7 years later and many a A-I-T-K-E-N-R-E-A-D conversation later and it just seems utterly natural.  I still get a strange sense of pride when I discuss our name. It is simplistic but I am stoked that people must know how strongly I stand for gender equality and I love that my husband shrugged off convention and opinion to embrace something that was right for us.Picture 125
I looked like quite a normal bride, but my mum did walk me down the aisle 🙂
A recent Facebook report suggests that a third of young women are keeping their name. Although I know that women who take their husband’s name can be feminist too, I reckon this is a BRILLIANT thing for equality.

I am surprised at how little the name-changing tradition is challenged in my generation. I literally know ONE person who has kept their name and NONE who went for a shared new name with their husband. It’s interesting as the majority of my friends and family are ALL strong women and feministy men.

Loads of people think the married name thing is trivial. Sure, equal pay, rape and the rights of women in developing countries probably should take precedence but I’m not one to think that issues need prioritising all the time.  It’s not like we can to tick them off before we move onto the next one – it’s all tangled up.

Names are important and symbolic. Most women have their father’s and will take another man’s name upon marriage. What is this apart from a nod to barbaric historical bonds where a women was the only ever the property of a man? Is it possible that by continuing the tradition we are honouring that oppressive practice?

A few months ago I asked Twitter why strong, feminist women change their name. About 30 women responded. Around a third said they were young at the time and would do differently now, a third said they couldn’t see a good enough reason not to and a third had deeply personal reasons for doing so.
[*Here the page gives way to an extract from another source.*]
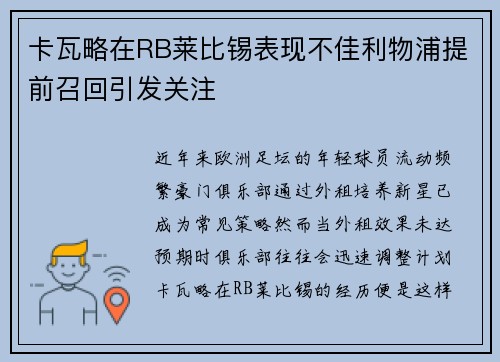 卡瓦略在RB莱比锡表现不佳利物浦提前召回引发关注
I’m going gently here, because so many of the women I admire and love have taken their husband’s name, and it is clearly (as my Twitter survey, a most scientific measure backs up) an intimate decision that chiefly concerns the bewedded, loved up pair.

But I don’t think it ONLY concerns them. I wonder if there are wider implications. Might it be a leettle bit like walking into the office block of a chocolate company and the door being made out of licorice? (*croons* “Chocolate’s always on my mind… it is always on my mind”) The company SAY they love chocolate but, even though it might not matter that much, their facade gives another impression? Society says “Women are equal! We expect to be treated as such!” but a peep at our envelopes and online accounts show something different. When it requires breaking from tradition perhaps women feel less confident about their equal status?

I think the Facebook research (nearly as scientific as my Twitter study) shows that at least this is s a question being asked. People are discussing it, yeah, most still going with tradition, but that conversation is happening. People will have great and wise reasons for going with their husband’s name and so of course, that is PERFECT, but reasons ARE needed. Rather than just walking down the aisle with the status quo.

Finally, I reckon men could get more involved here. I want to see more of the progressive, liberal Kingdom of Bloke NOT expecting to bestow their name upon women. Imagine if men had to add in their reasoning (much like I do, sticking up for our name-crash upon questioning) for why they both have his name. “Well, I know it’s Old Skool but neither of us fancied being Scrumbledingers…”

What do you reckon? Does it matter? What did you do?